Dans la série des boulots de cons qui composent 80% des activités rémunérées de nos semblables, j’avais envie de parler des employés de Streetéo et de Moovia dont il a été question, il y a quelques jours dans l’émission «Envoyé spécial» sur France 2 mais qui sont des structures dont je suis l’évolution depuis un certain temps.

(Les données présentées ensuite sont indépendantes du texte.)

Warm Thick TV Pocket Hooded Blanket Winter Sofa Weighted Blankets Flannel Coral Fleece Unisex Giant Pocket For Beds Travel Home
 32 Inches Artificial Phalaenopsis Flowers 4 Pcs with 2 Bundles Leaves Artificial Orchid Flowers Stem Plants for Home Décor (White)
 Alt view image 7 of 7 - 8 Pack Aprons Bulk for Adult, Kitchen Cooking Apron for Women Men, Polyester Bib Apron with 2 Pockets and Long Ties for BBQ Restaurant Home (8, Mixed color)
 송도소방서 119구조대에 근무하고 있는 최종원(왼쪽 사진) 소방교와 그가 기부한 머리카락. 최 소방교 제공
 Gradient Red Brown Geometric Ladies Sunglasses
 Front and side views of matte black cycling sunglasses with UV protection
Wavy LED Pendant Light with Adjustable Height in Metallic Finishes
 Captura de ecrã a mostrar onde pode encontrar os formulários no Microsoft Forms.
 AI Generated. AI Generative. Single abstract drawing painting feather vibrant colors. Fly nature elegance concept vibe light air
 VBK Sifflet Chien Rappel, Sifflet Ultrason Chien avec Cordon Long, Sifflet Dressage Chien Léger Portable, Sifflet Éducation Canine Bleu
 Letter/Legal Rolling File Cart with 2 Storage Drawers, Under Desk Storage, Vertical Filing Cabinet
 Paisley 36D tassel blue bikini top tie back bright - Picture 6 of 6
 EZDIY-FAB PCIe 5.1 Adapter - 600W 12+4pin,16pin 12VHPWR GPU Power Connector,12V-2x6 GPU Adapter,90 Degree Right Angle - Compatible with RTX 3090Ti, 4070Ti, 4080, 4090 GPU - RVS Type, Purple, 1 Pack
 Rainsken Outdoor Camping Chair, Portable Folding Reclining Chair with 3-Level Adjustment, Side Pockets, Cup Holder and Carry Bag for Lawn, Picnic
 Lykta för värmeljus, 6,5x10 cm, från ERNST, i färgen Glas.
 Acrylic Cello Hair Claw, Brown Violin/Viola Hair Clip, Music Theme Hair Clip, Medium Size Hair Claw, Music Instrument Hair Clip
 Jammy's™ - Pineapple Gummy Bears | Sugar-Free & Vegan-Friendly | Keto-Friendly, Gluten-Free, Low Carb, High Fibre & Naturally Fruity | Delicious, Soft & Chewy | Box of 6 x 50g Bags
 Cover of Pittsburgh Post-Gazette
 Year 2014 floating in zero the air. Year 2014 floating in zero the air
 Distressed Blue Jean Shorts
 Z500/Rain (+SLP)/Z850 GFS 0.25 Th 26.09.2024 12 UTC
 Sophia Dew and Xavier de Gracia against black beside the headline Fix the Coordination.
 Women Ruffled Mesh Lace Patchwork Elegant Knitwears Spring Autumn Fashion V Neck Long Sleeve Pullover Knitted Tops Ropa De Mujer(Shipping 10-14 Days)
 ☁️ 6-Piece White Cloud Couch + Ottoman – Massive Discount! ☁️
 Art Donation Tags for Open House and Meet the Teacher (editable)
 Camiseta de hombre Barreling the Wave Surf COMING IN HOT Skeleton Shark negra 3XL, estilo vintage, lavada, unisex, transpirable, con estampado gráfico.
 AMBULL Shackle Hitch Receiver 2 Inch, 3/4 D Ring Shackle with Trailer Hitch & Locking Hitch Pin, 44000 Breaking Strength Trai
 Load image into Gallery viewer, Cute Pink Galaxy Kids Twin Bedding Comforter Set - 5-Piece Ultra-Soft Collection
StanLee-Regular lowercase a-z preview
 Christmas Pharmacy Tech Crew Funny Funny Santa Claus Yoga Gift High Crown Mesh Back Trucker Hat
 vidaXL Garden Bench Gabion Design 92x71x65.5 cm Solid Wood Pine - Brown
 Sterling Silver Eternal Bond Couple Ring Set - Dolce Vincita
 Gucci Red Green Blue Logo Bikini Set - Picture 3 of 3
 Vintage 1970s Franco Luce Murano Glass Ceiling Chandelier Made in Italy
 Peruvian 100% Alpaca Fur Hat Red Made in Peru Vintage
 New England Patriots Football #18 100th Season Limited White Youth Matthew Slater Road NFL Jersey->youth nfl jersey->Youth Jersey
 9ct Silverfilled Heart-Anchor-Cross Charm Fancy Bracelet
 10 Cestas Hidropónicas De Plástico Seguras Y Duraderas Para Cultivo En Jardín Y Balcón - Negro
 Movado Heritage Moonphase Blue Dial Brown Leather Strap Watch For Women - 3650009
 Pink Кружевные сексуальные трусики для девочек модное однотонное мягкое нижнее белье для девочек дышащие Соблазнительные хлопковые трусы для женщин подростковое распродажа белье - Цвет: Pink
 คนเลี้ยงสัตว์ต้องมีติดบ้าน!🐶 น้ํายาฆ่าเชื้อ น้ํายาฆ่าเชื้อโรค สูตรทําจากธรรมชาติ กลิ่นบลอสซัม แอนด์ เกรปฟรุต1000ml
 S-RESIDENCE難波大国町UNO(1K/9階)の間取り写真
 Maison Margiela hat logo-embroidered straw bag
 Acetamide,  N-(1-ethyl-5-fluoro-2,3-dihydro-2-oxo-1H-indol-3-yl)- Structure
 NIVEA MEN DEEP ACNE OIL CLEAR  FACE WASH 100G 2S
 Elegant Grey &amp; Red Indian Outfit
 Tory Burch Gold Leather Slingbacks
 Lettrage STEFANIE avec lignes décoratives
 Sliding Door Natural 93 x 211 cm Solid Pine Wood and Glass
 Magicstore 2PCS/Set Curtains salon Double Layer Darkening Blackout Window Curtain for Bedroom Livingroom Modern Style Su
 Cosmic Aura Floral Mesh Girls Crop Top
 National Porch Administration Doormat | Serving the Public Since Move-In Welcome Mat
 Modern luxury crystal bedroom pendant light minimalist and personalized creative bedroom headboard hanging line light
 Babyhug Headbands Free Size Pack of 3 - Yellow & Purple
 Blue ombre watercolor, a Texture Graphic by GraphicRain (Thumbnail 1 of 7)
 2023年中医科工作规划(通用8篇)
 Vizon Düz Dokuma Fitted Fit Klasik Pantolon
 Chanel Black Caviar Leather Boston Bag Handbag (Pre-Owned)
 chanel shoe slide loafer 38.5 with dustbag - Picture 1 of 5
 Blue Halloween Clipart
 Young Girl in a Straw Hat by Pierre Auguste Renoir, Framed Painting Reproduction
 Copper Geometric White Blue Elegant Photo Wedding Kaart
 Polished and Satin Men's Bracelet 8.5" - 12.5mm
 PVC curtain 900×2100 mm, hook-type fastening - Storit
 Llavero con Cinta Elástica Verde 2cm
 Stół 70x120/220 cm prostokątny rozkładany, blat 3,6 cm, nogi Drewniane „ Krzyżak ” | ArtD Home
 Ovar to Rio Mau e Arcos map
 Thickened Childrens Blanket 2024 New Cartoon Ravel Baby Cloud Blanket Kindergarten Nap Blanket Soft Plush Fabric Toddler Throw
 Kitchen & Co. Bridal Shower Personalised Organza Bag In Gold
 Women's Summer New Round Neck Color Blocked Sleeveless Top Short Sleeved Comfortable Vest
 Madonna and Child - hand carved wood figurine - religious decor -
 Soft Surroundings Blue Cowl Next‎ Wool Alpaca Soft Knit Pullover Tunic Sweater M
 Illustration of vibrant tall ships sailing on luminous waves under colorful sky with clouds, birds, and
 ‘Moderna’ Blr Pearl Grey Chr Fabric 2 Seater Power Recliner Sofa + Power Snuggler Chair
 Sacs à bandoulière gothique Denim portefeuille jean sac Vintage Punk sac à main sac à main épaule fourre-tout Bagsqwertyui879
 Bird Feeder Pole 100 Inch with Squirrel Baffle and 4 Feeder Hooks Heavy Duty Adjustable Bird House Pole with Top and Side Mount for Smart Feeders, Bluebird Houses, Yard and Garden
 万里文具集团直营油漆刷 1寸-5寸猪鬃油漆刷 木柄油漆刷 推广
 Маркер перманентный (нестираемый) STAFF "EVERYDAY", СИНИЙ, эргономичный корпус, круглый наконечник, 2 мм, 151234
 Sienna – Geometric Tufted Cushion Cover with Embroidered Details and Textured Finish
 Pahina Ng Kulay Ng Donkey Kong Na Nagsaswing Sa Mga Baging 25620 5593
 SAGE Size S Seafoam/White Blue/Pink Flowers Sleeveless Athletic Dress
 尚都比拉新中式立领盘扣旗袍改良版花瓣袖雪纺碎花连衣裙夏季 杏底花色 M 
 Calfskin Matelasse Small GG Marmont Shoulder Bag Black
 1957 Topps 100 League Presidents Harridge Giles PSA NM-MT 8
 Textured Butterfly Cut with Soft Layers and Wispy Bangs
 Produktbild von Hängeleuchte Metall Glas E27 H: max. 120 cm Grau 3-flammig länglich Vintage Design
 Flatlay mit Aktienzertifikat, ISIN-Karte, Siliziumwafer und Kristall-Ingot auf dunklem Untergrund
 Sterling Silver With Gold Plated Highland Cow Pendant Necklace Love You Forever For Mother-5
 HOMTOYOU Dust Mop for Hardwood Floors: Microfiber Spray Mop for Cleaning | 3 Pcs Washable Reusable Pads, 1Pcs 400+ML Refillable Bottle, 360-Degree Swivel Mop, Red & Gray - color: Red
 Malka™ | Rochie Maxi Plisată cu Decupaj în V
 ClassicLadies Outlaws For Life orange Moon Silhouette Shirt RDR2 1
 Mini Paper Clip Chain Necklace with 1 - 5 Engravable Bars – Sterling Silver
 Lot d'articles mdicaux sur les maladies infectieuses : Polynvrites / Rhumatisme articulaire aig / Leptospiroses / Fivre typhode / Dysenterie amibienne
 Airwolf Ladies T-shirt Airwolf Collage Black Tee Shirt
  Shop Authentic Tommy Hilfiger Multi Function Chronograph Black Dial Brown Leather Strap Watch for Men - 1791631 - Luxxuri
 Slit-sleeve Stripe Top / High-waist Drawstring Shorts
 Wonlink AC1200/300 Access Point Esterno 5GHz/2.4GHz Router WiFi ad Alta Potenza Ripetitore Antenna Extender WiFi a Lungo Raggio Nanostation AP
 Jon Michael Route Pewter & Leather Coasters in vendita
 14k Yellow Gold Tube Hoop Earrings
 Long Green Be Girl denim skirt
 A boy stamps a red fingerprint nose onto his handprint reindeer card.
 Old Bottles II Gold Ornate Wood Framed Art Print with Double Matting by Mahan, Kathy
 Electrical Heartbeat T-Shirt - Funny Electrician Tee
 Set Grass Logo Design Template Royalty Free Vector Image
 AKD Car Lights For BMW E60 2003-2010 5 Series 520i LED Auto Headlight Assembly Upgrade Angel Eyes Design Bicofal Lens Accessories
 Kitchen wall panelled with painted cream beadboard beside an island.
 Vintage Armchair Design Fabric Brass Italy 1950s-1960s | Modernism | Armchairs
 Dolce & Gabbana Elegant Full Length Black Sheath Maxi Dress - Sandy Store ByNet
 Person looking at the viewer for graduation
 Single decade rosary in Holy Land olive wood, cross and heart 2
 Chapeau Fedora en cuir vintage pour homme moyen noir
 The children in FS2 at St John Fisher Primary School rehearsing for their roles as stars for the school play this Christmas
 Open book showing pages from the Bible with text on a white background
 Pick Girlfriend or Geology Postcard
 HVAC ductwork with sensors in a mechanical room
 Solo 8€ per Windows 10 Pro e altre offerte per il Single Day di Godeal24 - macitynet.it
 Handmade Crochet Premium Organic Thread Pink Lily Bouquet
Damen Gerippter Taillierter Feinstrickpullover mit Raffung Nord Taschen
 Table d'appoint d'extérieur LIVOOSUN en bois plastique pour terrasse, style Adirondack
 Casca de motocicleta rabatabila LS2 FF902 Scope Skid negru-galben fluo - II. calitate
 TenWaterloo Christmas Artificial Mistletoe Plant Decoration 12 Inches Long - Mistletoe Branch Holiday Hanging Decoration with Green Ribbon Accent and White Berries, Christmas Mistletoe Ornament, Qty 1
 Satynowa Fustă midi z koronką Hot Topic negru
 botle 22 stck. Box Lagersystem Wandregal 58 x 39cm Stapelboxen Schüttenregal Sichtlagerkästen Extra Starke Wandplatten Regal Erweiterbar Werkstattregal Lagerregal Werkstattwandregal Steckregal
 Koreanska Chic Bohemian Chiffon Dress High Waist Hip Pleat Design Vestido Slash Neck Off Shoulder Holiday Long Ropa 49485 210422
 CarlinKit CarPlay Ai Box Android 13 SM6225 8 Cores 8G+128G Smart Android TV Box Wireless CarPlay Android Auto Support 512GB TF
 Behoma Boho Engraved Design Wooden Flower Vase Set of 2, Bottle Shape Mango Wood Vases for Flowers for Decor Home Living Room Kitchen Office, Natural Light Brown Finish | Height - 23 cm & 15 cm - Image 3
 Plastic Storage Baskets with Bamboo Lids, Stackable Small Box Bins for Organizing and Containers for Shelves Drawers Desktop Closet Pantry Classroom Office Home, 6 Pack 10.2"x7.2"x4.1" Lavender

Dans le même numéro d’Elise Lucet, il a été question du penseur-chercheur-provocateur américain David Graeber et son livre «Bullshit jobs»; une étude qui, bien évidemment, dépasse les frontières et rend son discours planétaire. Depuis longtemps, je me pose la question du sens du travail, de la dignité à acquérir et à conserver pour un semblant d’harmonie au quotidien. Cela fait longtemps aussi que je considère que la grande majorité des travaux exécutés contre un salaire sont des boulots de cons où la seule justification trouvée pour être en paix avec sa conscience est qu’il faut bien vivre en se rangeant derrière l’adage qui permet d’avaler toutes les couleuvres: «il n’y a pas de sots métiers, il n’y a que de sottes gens.»
Travailler par plaisir est un privilège de riches, j’en ai conscience. Mais lutter pour rester lucide et se donner les moyens de décider de son parcours, c’est aussi reconnaitre sa force individuelle pour écrire un peu de son destin.
Je défends rarement les automobilistes et à titre personnel, je n’ai plus de voiture et si je réagis c’est simplement parce que j’ai du mal à supporter l’incompétence, la bêtise, la cupidité maladive et l’injustice.
Dans le cas présent, il y a deux strates dans la connerie et l’imposture. Les employés de base qui sillonnent les rues pour traquer les voitures qui n’ont pas réglé le stationnement, qu’elles soient avec une carte «handicapé», sur une place livraison et qui sont payés pour faire du chiffre avec leurs bagnoles de mouchards et les L.A.P.I. (Lecture Automatique de Plaques d’Immatriculation). Un boulot passionnant qui doit correspondre à une vocation. Autant le système LAPI est utile pour la gendarmerie ou la Police pour être efficace rapidement, autant le système mis en place par la Marie de Paris, mais aussi à Lyon, Bordeaux, Marseille et toutes les grandes villes est une pompe à fric déguisée où les salariés (contrairement aux discours policés officiels) ont des objectifs de prunes journalières. On connait le scandale des fourrières à Paris et leurs façons d’agir avec la complicité des autorités locales (Mairie et préfecture) et le fameux stationnement gênant qui génère les enlèvements très facilement à proximité de ces «lieux de stockage» et surtout aux heures dites ouvrables (j’ai le souvenir d’une impossibilité de prendre mon véhicule, une nuit dans la capitale, ma voiture poussée par un 4×4 sur une autre bagnole et dont le côté gênant avait mis plusieurs heures pour trouver une solution !).
Le racket s’applique donc sur plusieurs niveaux et s’organise avec des acteurs aux discours bien rodés, le but ultime reste évidemment le bien-être collectif (un peu d’humour !), alors que le dénominateur commun étant la manne financière, la méthode des municipalités et de leurs complices Streetéo et Moovia est de prendre ceux qui les engraissent pour des cons et ça marche très bien. En plus le banlieusard qui, attiré par les lumières de la capitale et inconscient des risques qu’il court, grâce à M. Christophe Najdovski un stratège ( le responsable du stationnement à la Mairie de Paris), vient avec sa bagnole, ce banlieusard ne vote pas à Paris et donc ne fait pas courir de risque à la clique à Hidalgo dont les amis bobos parisiens (qui eux sont des votants) ne voient pas de justifications aux deux principaux reproches: la circulation et la saleté croissante.
Streetéo et Moovia travaillent avec des petites mains sur le terrain mais dans les hautes sphères, on discute avec les décideurs des grandes villes qui ont du mal à s’exprimer sur le sujet. C’est amusant, cette pudeur ! De grands timides! Le vent serait-il en train de tourner avec les courants d’argent public, après les centres commerciaux et les ronds-ponts qui ont permis de faire plaisir à des amis fidèles?
Finalement dans une activité qui génère des milliers de boulots de cons, ceux qui tirent les ficelles le sont beaucoup moins ou même pas du tout, en tout cas, ça fait belle lurette qu’ils savent que pour réussir, il faut s’asseoir, mais pas n’importe où: s’asseoir sur ses scrupules et sa dignité.